Alex: This is great. I like the idea of having purpose-built databases, rather than trying to use only one type of database. But these databases seem too specialized. Is there any generic-purpose database that is also non-relational?
Berta: Sure. There is one is called Amazon DynamoDB. It is a non-relational database, supporting both key-value and document data models. Being non-relational, nobody enforces a fixed schema. So, each row in DynamoDB—called an Item—can have any number of columns at any moment. That means your tables can adapt to your changing business requirements, without having to stop the database to modify the previous schema:
Figure 6.15 — Key-value and document model
Harold: So, if the data is stored as tables, how is it different from relational databases?
Berta: The key here is that there’s only one table, without any relationships. If your application requires them, you can surely create multiple tables, but they will be completely independent, in separate databases. The application will have to perform the joining logic. You usually have to design the table for all the queries you might anticipate, including all the data and possible indexes.
Also, traditional relational databases have separate endpoints for control operations to create and manage the tables, and a separate endpoint for data operations to create, read, update, and delete (also called CRUD) actions on the data in a table. DynamoDB simplifies this: it offers a single endpoint that can accept all types of requests. Amazon DynamoDB is serverless; so, you don’t worry about any of the operational overhead. Also, DynamoDB supports eventual and strong consistency.
Harold: Could you please explain it?
Berta: Sure. A database consistency model defines the mode and timing in which a successful write or update is reflected in a later read operation of that same value. Let us consider an example to explain it. Do you use a credit or debit card?
Harold: I use both. For cash withdrawals, I use a debit card, and for purchases, a credit card.
Berta: Good. So, if you have withdrawn some money using your debit card and you immediately check your account balance again, will the recent withdrawal reflect in the account statement?
Harold: Yes. It will.
Berta: And if you made a purchase with your credit card, will it also reflect it at the same time?
Harold: I think it shows the transaction in a pending state; it doesn’t show as completed immediately.
Berta: Correct. Credit card processing works slightly differently. The vendor from whom you have purchased the product has to claim a settlement of the transaction. Eventually—by that, I mean after some time—the transaction will show as completed in your account.
DynamoDB always stores multiple copies of your data. Let’s assume it keeps three copies. At any time, one of the copies is chosen as a Leader. Every time a write or update request is initiated, DynamoDB will ensure that at least two copies (the leader and one more copy) are immediately updated to reflect the change. The third copy will have stale data for some time, but finally, it will also be updated to reflect the change.
Harold: But why not update all the copies in the first place?
Berta: The performance impact. If DynamoDB had to wait for all three copies to confirm the write, the application that requested to write would have to wait longer, waiting for the slowest node. Imagine you want to host a meeting with three people in different time zones; you would have to find a common timeslot that suits all three participants. This problem is somewhat simpler when the meeting requires only two people to attend.
Harold: Oh, I get it now. It’s another quorum algorithm, similar to the one used in Aurora. A majority of storage nodes take the decision. So, the third copy is still waiting to be updated, but the acknowledgment of the write has already been sent to the application. This means my data in different copies is not consistent, but at least two copies will have the latest data.

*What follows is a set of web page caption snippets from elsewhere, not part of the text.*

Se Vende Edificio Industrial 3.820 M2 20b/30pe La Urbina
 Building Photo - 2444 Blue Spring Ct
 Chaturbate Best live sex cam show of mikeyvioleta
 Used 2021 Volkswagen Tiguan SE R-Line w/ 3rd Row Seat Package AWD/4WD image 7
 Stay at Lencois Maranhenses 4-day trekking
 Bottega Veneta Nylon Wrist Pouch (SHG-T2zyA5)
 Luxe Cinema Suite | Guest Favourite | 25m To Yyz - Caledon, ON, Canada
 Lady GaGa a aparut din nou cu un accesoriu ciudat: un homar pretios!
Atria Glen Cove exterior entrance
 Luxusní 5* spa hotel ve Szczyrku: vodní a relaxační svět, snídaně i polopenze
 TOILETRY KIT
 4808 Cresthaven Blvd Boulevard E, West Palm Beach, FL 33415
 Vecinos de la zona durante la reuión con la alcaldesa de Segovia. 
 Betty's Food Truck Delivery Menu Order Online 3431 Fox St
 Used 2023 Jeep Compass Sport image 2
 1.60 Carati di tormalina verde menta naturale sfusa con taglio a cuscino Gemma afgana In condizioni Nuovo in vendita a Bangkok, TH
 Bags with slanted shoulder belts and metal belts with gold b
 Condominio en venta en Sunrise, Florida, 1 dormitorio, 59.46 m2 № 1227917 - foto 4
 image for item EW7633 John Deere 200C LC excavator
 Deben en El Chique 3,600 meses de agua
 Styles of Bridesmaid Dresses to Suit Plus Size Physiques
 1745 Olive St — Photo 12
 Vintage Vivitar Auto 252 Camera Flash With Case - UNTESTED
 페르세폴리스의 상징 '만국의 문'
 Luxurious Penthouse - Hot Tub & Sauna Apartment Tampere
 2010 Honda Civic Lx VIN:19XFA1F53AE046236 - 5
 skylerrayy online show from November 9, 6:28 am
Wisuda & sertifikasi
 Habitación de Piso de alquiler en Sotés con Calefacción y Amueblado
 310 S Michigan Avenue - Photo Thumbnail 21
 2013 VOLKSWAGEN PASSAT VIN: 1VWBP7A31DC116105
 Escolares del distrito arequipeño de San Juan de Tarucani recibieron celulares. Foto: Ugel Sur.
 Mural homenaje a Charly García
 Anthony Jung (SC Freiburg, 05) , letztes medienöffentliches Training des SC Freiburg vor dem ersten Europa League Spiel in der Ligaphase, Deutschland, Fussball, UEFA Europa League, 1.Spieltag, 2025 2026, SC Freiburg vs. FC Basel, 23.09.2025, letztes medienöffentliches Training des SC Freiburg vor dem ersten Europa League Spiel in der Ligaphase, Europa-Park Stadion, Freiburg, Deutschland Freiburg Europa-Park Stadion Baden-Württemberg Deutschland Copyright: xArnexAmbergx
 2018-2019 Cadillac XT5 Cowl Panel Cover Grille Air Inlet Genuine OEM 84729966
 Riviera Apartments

Berta: Yes, for some time. This is sometimes referred to as data being in a soft state. But there are options available in DynamoDB if you want to always read the most up-to-date data.
Alex: But why would someone be interested in reading stale data in the first place?
Berta: For better performance. Let me give you an example. Let’s say you have stored stock prices for a company in DynamoDB. Consider the price of the stock to be $100, and all three copies currently have the same value of $100. Now, you read this data in two different applications. Application one, which is a news scroll, displays the current price of the stock, and application two, is a financial application with which you can buy or sell stocks.
Alex: Okay.
Berta: If you have a news scroll application, you could add a disclaimer such as This data is delayed by 15 minutes and display the data from DynamoDB. In this case, accuracy is not that important, as you are okay with having data delayed by 15 minutes. DynamoDB will never supply you with wrong data or random data, but it might give you data that is stale. It was accurate a while ago, but currently, it may or may not be accurate. As there are three copies, and your read request can land on any copy, there is a one-in-three chance that you may get stale data. But this method will always return the data with the lowest latency. This is called eventual consistency.
Alex: Agreed – if you don’t specify the node, your query might end up in any of them.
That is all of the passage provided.